PROBLEM STATEMENT:
In the records below, the part to copy starts at the line containing "Gündemden Son Bilgiler: Edirne" and goes to the last line; output it exactly, without pictures.

[Crawled caption data]
■ ■ ■ ■ ■

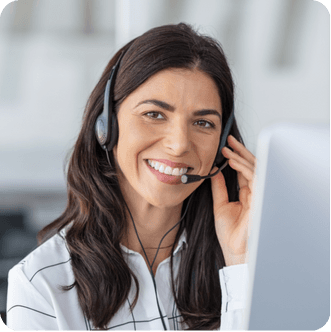 Entrepreneur receiving personalised guidance from Online Filings UK-based support team, with real people providing step-by-step assistance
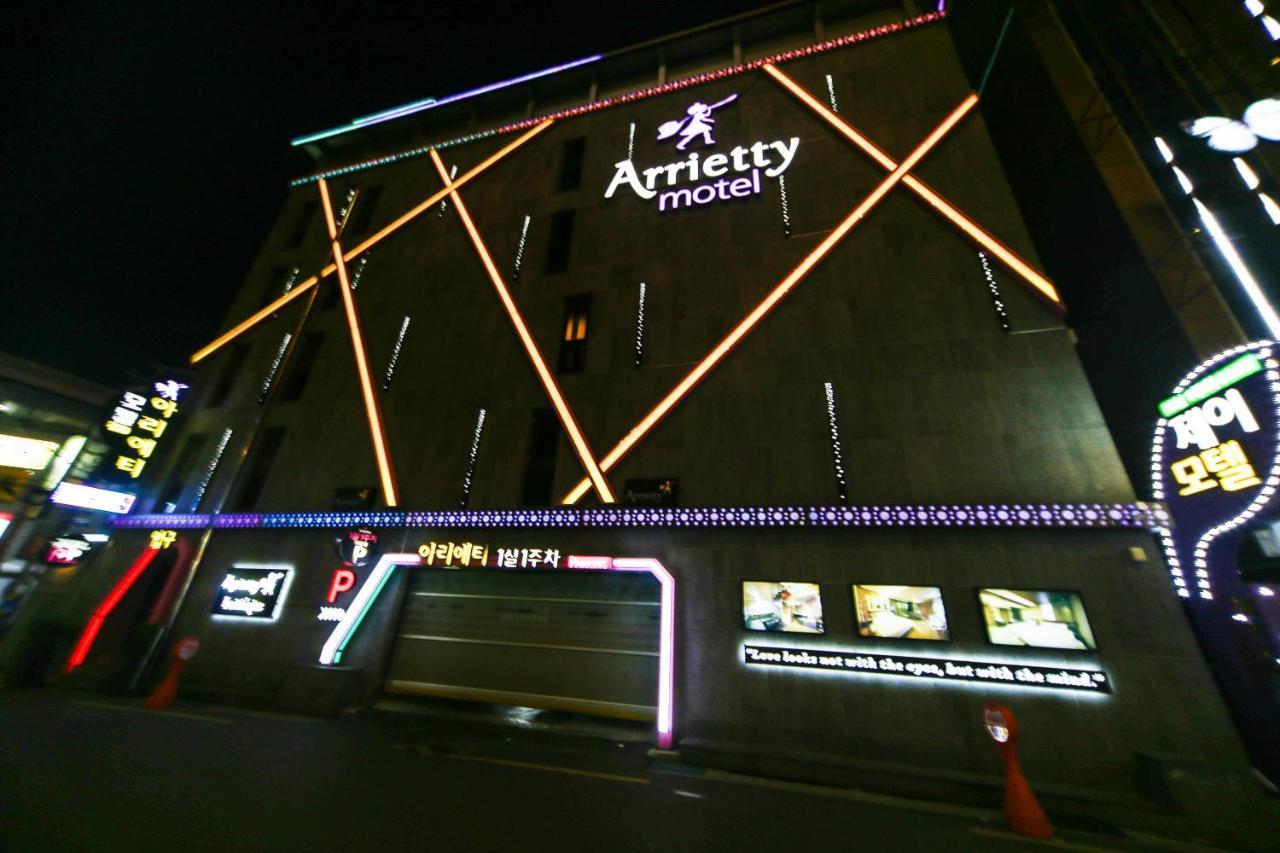 Gyeongju Arrietty Motel Buitenkant foto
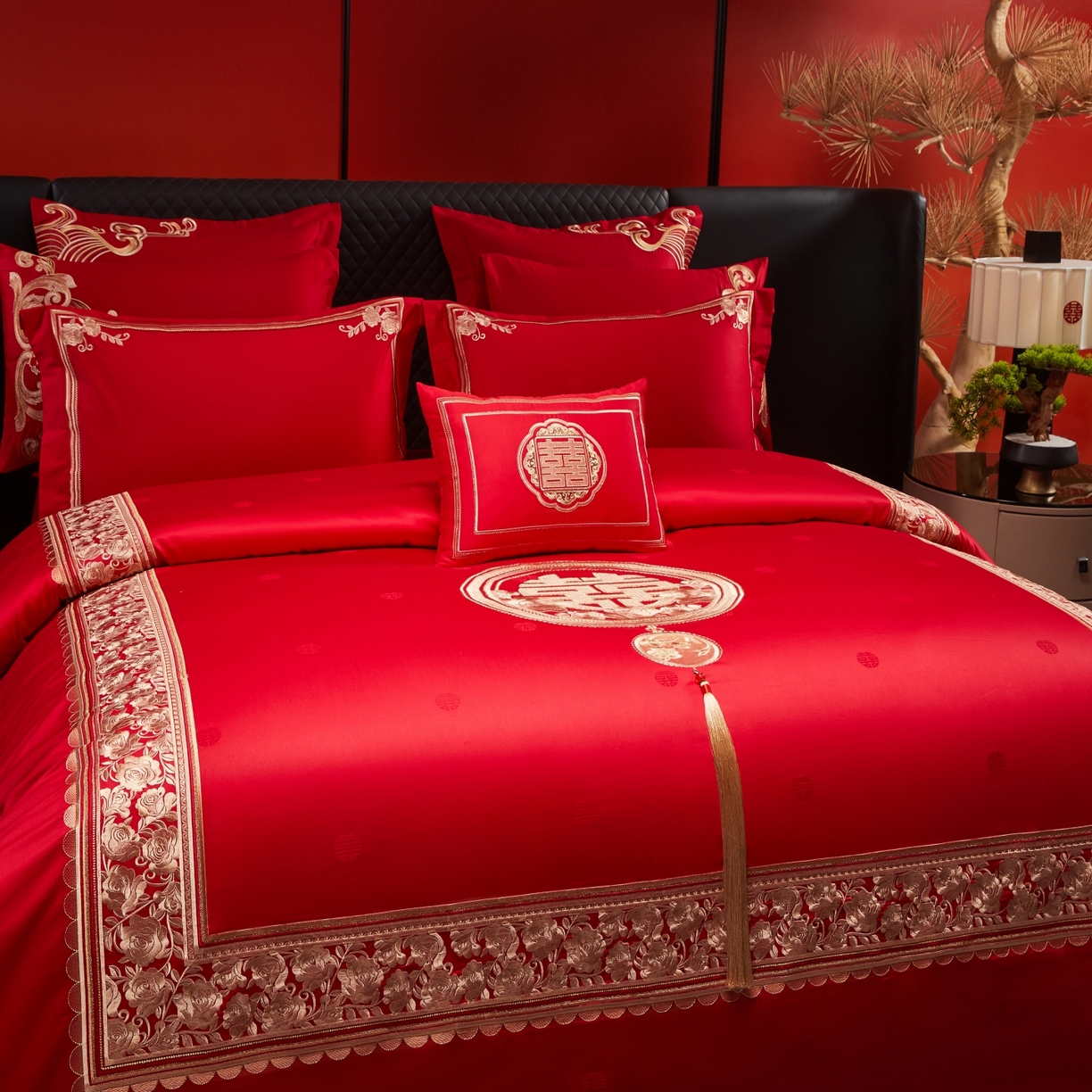 91家纺网 家纺一手货源 找家纺 宏羽纺家纺 2025新款高支高密纯棉婚庆系列四件套 玫瑰花海-金色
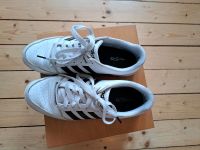 Adidas Sneaker schwarz-weiß oldschool Hessen - Gießen Vorschau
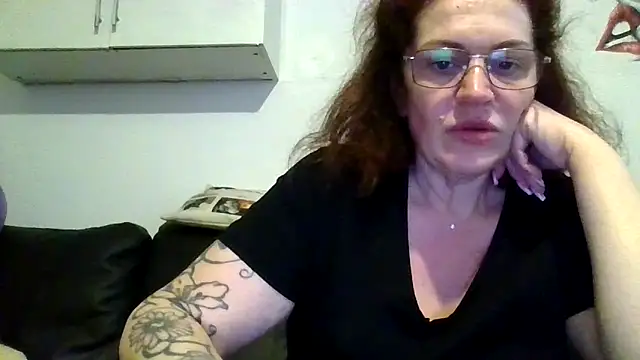RubyyRosee online show from April 26, 6:22 am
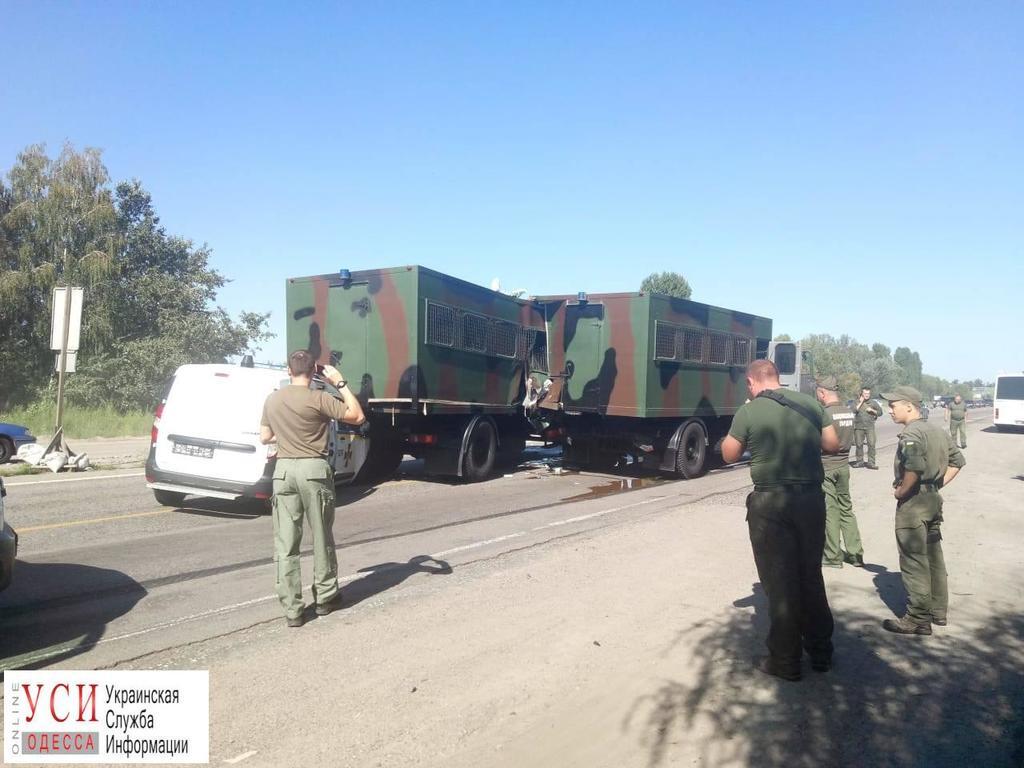 Під Києвом одеські Нацгвардійці потрапили у масштабну ДТП: з'явилися перші фото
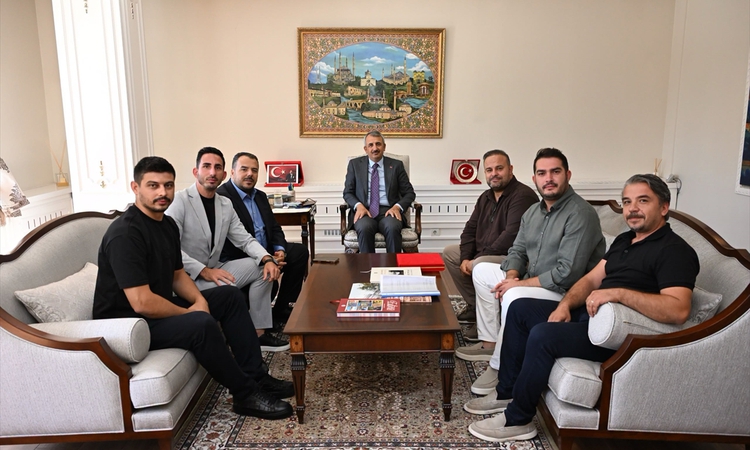 Gündemden Son Bilgiler: Edirne Valisi Sezer, Tuncaspor Kulübü yönetimini kabul etti - Son Dakika Bilgileri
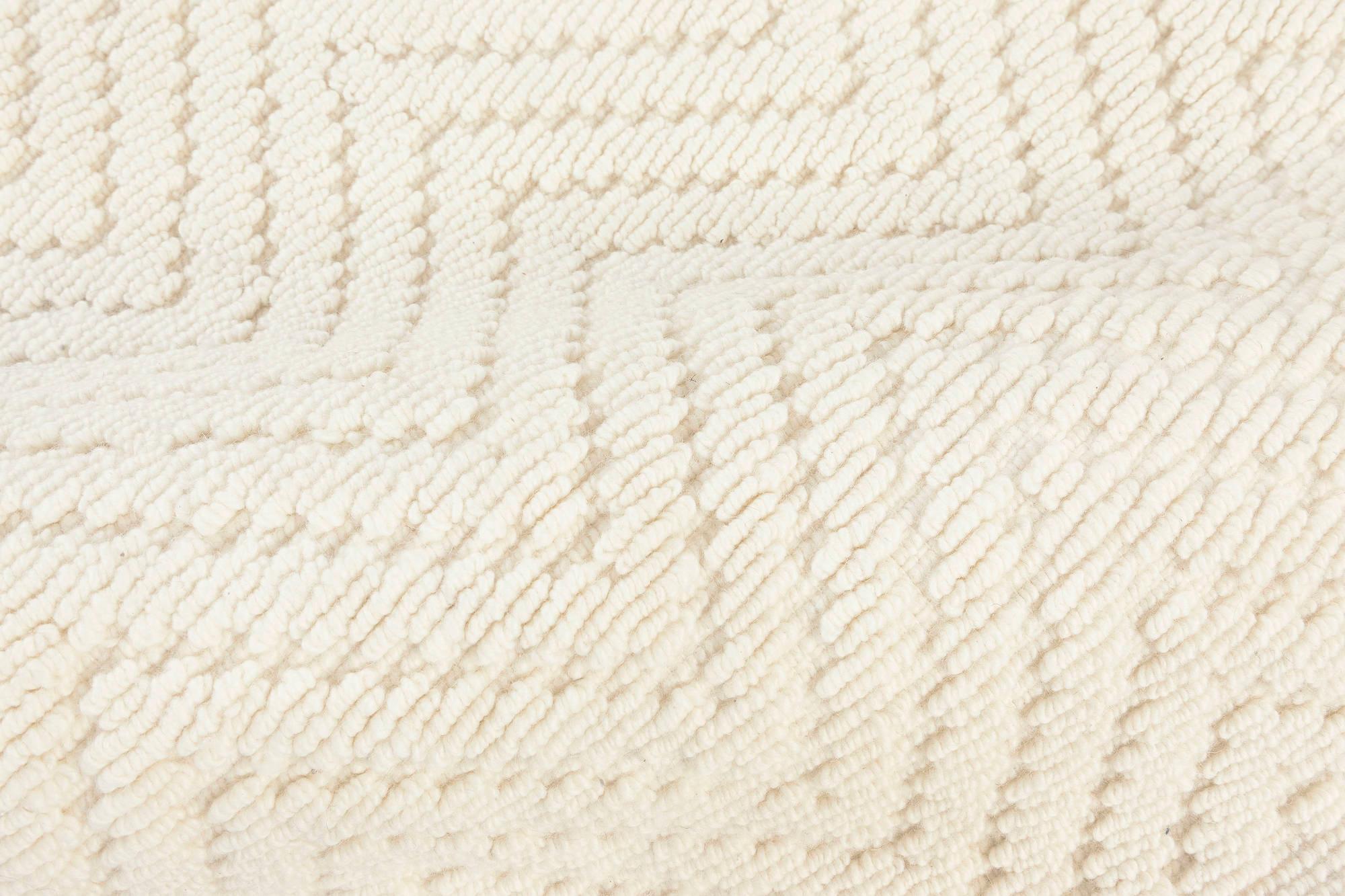 Modern Bauer Collection white herringbone design wool rug by Doris Leslie Blau
Size: 6'9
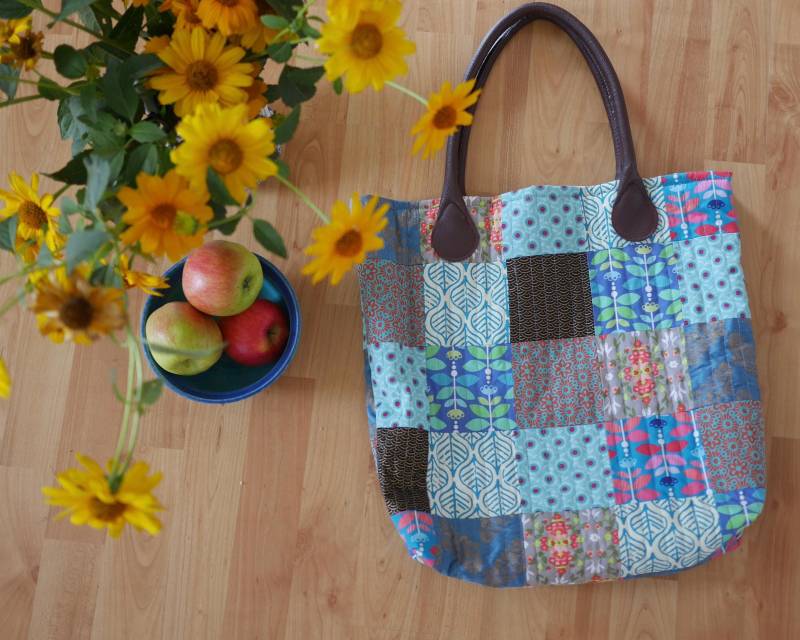 Patchwork Shopper Handtasche Im Street Style Paris - Designer Exclusiv Elegant Modern Green Vegan Ausfallend von ToujoursBonJour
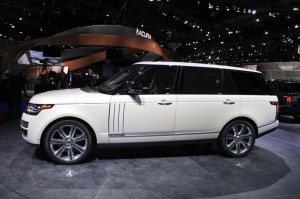 มองจากด้านข้าง Range Rover Hybrid Long Wheelbase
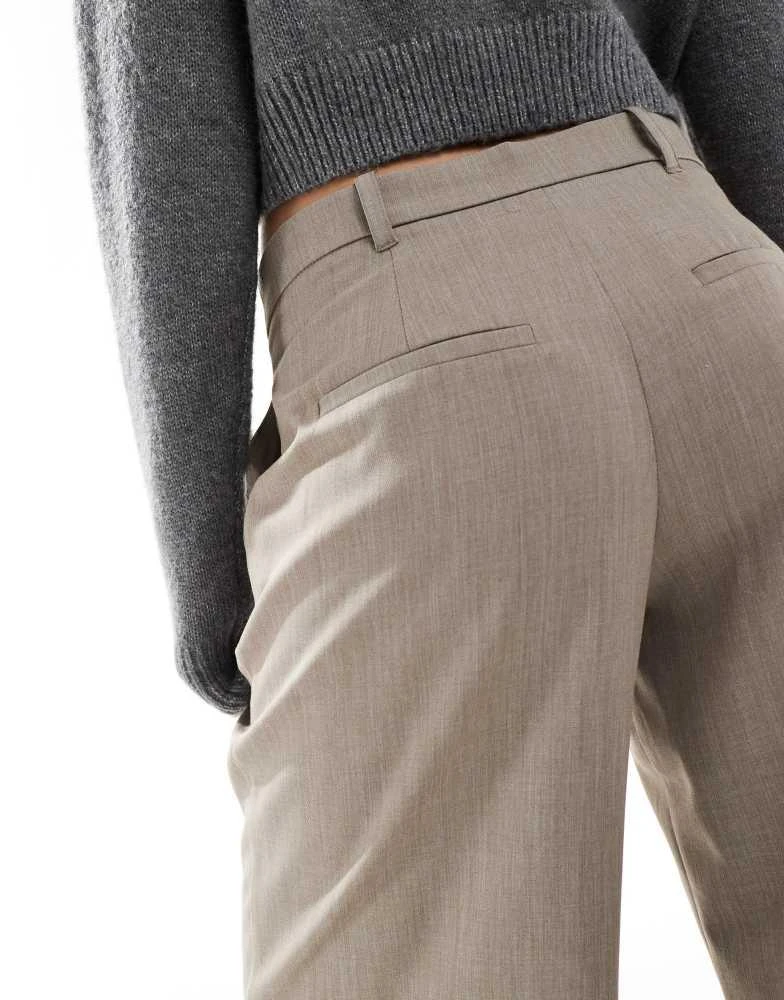 Bershka Bershka low rise wide leg tailored trousers in taupe 5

■ ■ ■ ■ ■

TASK ANSWER:
 Gündemden Son Bilgiler: Edirne Valisi Sezer, Tuncaspor Kulübü yönetimini kabul etti - Son Dakika Bilgileri
 Modern Bauer Collection white herringbone design wool rug by Doris Leslie Blau
Size: 6'9
 Patchwork Shopper Handtasche Im Street Style Paris - Designer Exclusiv Elegant Modern Green Vegan Ausfallend von ToujoursBonJour
 มองจากด้านข้าง Range Rover Hybrid Long Wheelbase
 Bershka Bershka low rise wide leg tailored trousers in taupe 5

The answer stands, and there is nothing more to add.